CodePudding user response:
Hope this will helpful: but before that you have edit/update your txt file in that format:
_accurender\Ceiling\Acoustic Tile_Standard, Gray, 2' x 2' Generic-051
_accurender\Ceiling\Acoustic Tile_Standard, White, 2' x 2' Generic-013
_accurender\Ceiling\Acoustic Tile_Standard, White, 2' x 4' Generic-011
_accurender\Ceramic Tile\Mosaic\Square\2"_Salmon,High Gloss Ceramic-043
_accurender\Concrete\Exposed Aggregate, Pink Concrete-028
_accurender\Concrete\Exposed Aggregate, Tan Concrete-029
_accurender\Exterior\Shakes\Roofing,Shake,Square, Non-Uniform Weathering Generic-052
_accurender\Masonry\Brick\Brown, Non-uniform,_8",Running Masonry-030
_accurender\Masonry\Brick\Brown,_8",Soldier Masonry-029
After edit just run this code.
import pandas as pd
Material_Type = []
Material_Category = []
Material_Name = []
Material_Description = []
file1 = open('sample.txt', 'r')
Lines = file1.readlines()
for line in Lines:
res_list = line.split('\\')
if len(res_list) == 3:
Material_Type.append(res_list[0])
Material_Category.append(res_list[1])
Material_Name.append(res_list[2].split()[0])
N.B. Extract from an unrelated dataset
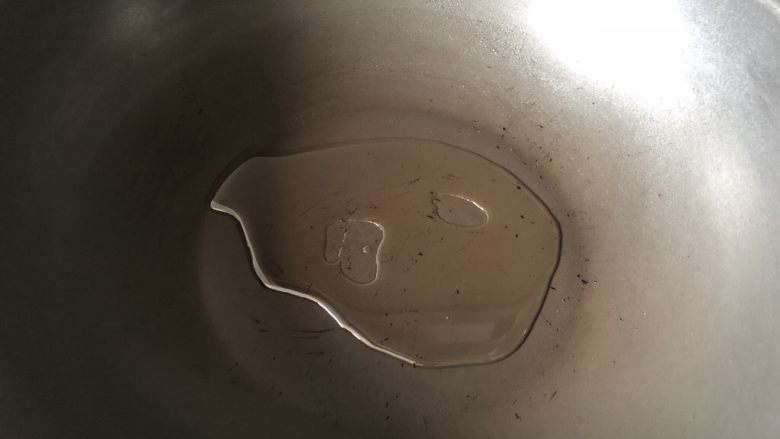 咖喱鸡肉饭,锅内加少许油烧热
Material_Description.append(res_list[2].split()[1])
else:
Material_Type.append(res_list[0])
Material_Category.append(res_list[1])
Material_Name.append(res_list[2])
Material_Description.append(res_list[3])
final_dict = {
"Material_Type":Material_Type,
"Material_Category":Material_Category,
"Material_Name":Material_Name,
"Material_Description":Material_Description
}
df = pd.DataFrame(final_dict)
CodePudding user response:
Try to use sep='\\'
instead of sep=';'
. Please note this will not solve your problem for all entries in your input file as its format seems somewhat inconsistent.